In those days, as the minister, we used to interact very often. One day, on the balcony of the flat I lived in at Vithalbhai Patel House, he was discussing opening a Bengal government cultural centre in Delhi and asked me if there was anybody competent to do this job. That is when I persuaded Safdar Hashmi, who was teaching at Srinagar University, in Uttarakhand to resign, come, and join to start such a centre. Safdar did a remarkable job, largely through Buddha da's appreciation and support, and among other activities, revived the work of an almost forgotten genius of Indian cinema, Ritwik Ghatak.
Finally, Buddha da assumed the chief ministership when one phase of economic development in Bengal was almost complete. Land reforms and Operation Barga were implemented with near success. This meant a tremendous boost to the production and surplus generated from agriculture. This vastly improved the nutritional and health status of rural Bengal and liberated the rural youth from agricultural bondage. This youth was now in search of employment, for which new opportunities had to be created. The only way was rapid industrialisation.
But the question was how this industrialisation should take place – with direct assistance from foreign capital, domestic monopoly capital, or developing cooperatives in agriculture and other production, and many such alternatives were discussed. This was a period of China's phenomenal growth under Deng Xiaoping's reforms, and this was a time when big sections of foreign capital and domestic monopoly capital were looking for investment opportunities for their profit maximisation. Many proposals were considered from various countries and South-east Asia. Then an offer for a car factory from Tata emerged. This was seen as a practical and effective path towards industrialisation.
However, the circumstance in which the land acquisition for this project was undertaken in Singur and the fears of forcible land acquisition for industrialisation elsewhere, like in Nandigram, generated violent opposition. These fears of forcible acquisition had no basis in reality, but created discontent and deep alienation amongst the very same peasantry and rural masses who were the backbone of CPI(M)’s class and social base.

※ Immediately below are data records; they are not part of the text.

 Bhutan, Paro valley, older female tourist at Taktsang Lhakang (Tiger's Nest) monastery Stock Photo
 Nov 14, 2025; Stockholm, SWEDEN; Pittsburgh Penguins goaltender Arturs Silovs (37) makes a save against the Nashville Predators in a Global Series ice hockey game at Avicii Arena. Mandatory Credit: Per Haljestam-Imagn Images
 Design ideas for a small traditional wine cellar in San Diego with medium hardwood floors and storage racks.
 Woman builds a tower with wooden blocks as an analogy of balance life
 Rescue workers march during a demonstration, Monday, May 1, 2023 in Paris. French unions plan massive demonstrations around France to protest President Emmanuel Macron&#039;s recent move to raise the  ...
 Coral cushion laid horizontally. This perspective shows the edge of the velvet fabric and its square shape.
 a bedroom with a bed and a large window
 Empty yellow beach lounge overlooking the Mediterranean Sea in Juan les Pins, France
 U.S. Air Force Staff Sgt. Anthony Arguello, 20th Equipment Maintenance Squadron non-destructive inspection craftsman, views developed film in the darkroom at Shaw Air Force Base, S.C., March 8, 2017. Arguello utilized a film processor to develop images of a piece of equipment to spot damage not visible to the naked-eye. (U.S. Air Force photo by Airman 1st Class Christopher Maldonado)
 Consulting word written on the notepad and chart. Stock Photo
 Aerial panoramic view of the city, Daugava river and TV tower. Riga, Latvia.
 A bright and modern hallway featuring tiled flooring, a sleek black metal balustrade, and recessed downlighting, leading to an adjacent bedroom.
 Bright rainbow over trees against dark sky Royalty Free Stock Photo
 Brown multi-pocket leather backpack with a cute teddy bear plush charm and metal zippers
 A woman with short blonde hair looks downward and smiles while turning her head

Such alienation was fully exploited by the TMC and former landlords whose land was taken over either through land reforms or Operation Barga, seeking to reclaim these lands through violent means. At the same time, with the developments of the Indo-US nuclear deal and the Left Parties' withdrawal of support to the UPA government at the centre, the Congress and the Trinamool Congress forged an electoral front. This was joined by all anti-Left forces, ranging from RSS to Maoist outfits. This grand alliance led to the end of Buddha da’s government and its mission.
That his vision was the need of the hour – to industrialise and absorb the Bengali youth, relatively better educated, in new jobs created is vindicated today. In the absence of such opportunities, amongst the largest number of migrant workers today are from Bengal.
Much more can be and must be written about these eleven years under Buddha da’s CMship. Much more can be written on every single aspect that he articulated here. But that will have to wait. As we bid farewell to Buddha da and salute him with our Lal Salam, we must note that the agenda he advanced for Bengal, particularly its youth, continues to remain more relevant today than it was in his time.